### WHAT YOU NEED TO DO
Without any of the pictures, transcribe all the lines below exactly.

### PROVIDED DATA
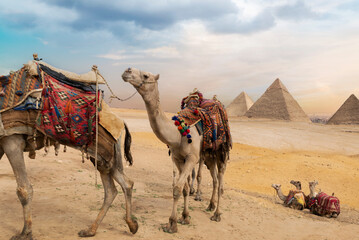 Pyramids of Giza , camels, sunset in Egypt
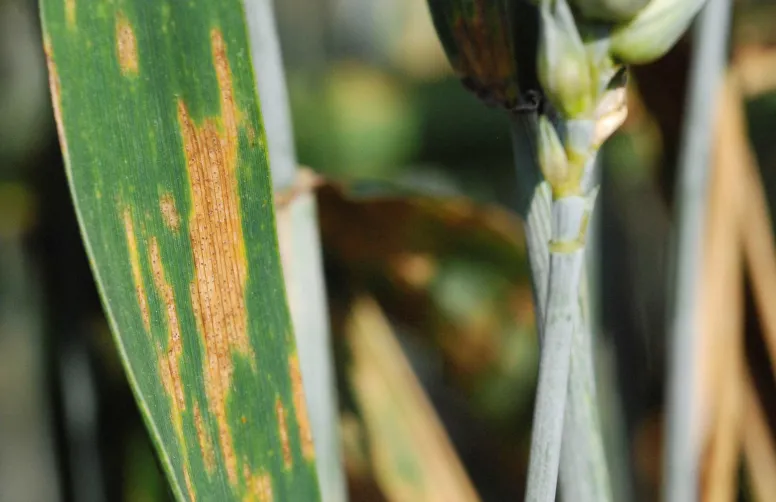 A l’échelle de la France, la note moyenne de résistance a la septoriose des variétés cultivées a progressé de + 1,1 en 17 ans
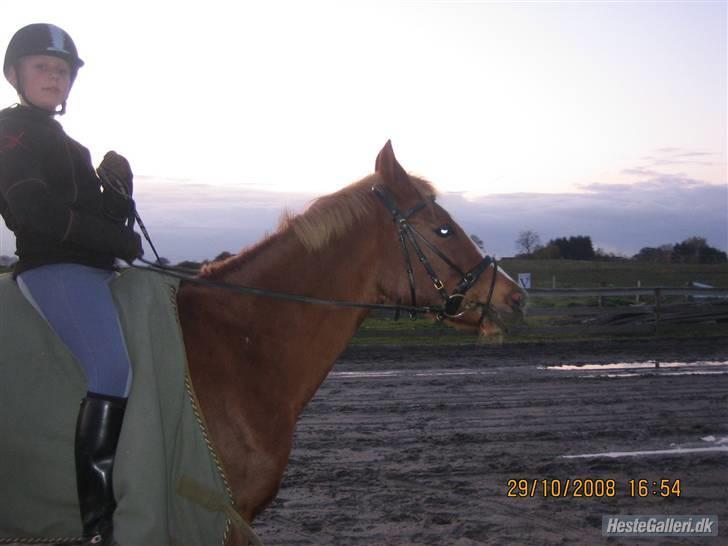 Hollandsk Sportspony My lady  billede 6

### PROBLEM SOLUTION
 Pyramids of Giza , camels, sunset in Egypt
 A l’échelle de la France, la note moyenne de résistance a la septoriose des variétés cultivées a progressé de + 1,1 en 17 ans
 Hollandsk Sportspony My lady  billede 6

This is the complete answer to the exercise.